Catalonia Shepherd School trains next generation of young farmers
Access to farmland remains biggest barrier to generational renewal

In the Catalan Pyrenees, a small rural school has spent the past 18 years training a new generation of shepherds and livestock farmers.
The Catalonia Shepherd School, based in the village of Enviny near Sort, has trained nearly 300 students to date.
Around 60% have gone on to work in the primary sector, either running their own farms or employed by others, according to the school.
Every year, demand for places outstrips supply. Twelve students have enrolled in the latest intake, drawn by hands-on training in livestock farming and land management.
While early cohorts were almost exclusively male, enrolment is now evenly split between men and women.
Elsa Cabús moved from Barcelona with her parents to Fontdepou, Àger, in western Catalonia five years ago.
After doing a course at an agricultural school in Tremp, she did a placement at a goat farm that makes cheese.
"I discovered it was a real passion for me and something I really liked," she tells the Catalan News Agency (ACN).
For her, the Catalonia Shepherd School was the next logical step.
"Here it goes into more depth. They also talk a lot about the land, about regenerative methods. In the end, on the farm you learn how to milk, how to make cheese, but they don't explain how to take care of the land," she says.
"Coming to the Shepherd School is really about going deeper into what little I knew and to learn much more about everything I don't know."
The school's programme combines classroom teaching with practical training on working farms. Students spend two months at the school in Enviny, beside a sheep farm used for practical lessons, before completing four months on placement elsewhere.
Generational renewal
Access to farmland remains the biggest challenge for the next generation.
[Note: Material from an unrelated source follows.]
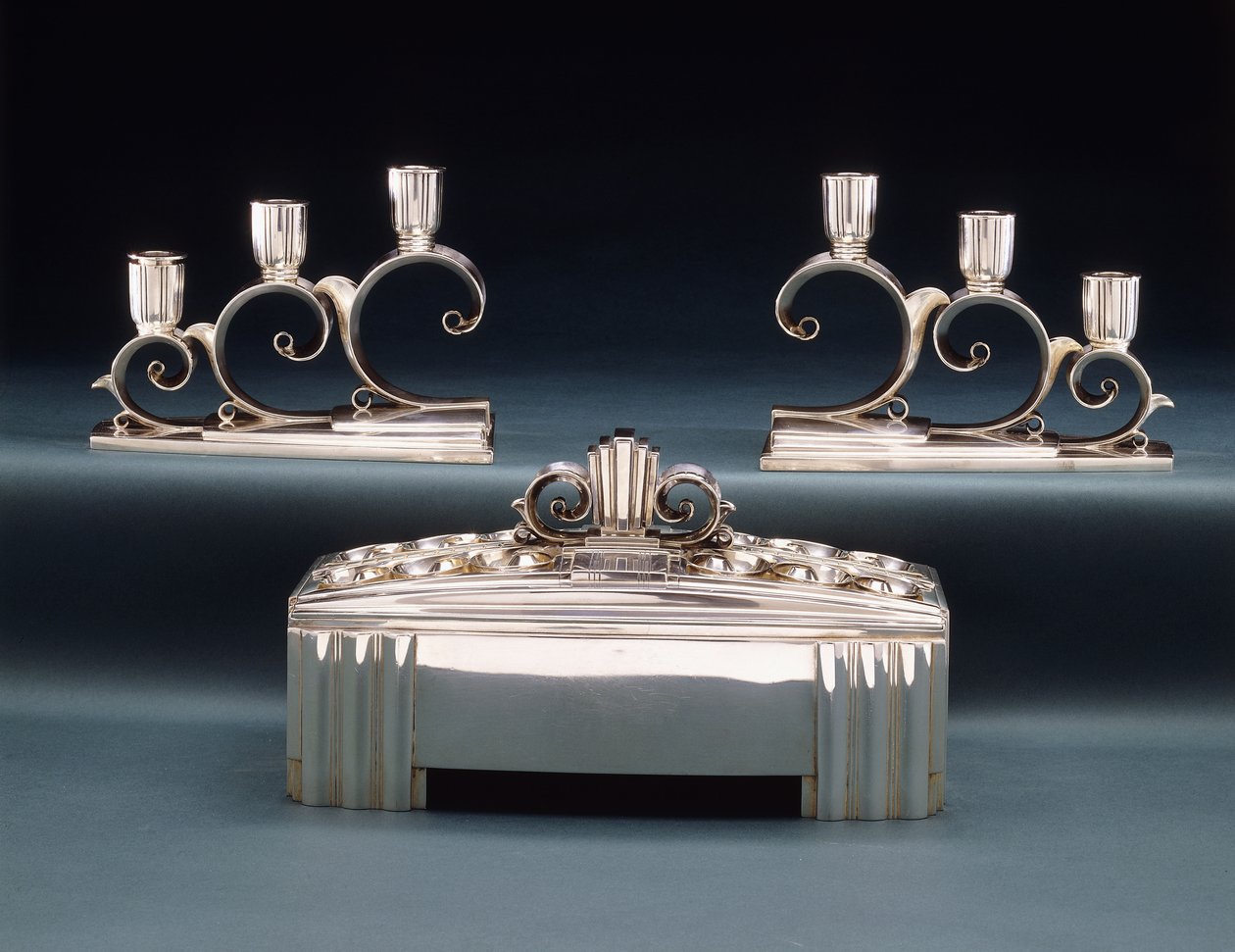 En Tiffany & Co. udstillings midtpunkt og to tre-lys kandelaber, lavet til verdensudstillingen i 1939, ca. 1939 (sølv) af Tiffany and Company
Maria Díaz de Quijano works at Catalonia Shepherd School. "The primary sector is growing older," she says.
"Right now we have a lot of people who are either about to retire or who should have retired a while ago. This is an opportunity for our students."
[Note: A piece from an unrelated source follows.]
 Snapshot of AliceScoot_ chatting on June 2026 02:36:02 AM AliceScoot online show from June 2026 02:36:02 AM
While most students come from Catalonia, recent cohorts have included participants from the Valencian region and the Balearic Islands, including Jaume Pardo.
"In Mallorca there isn't a training program or a school similar to the Shepherd School, and for some time I wanted to get to know, in a more respectful and closer way, the primary sector, livestock farming and agriculture," Jaume says.
The sector "needs young people," he adds, "who will apply everything new that we know in the 21st century, while taking into account everything that's been done before, and tradition."
Elsa hopes her training at the Shepherd School can help her turn a passion into a viable livelihood.
"The plan would be to set up a goat farm, mainly, which is what I like most," she says, " and maybe calves or beef cattle to generate more income that would allow me to make a living alongside the dairy goats."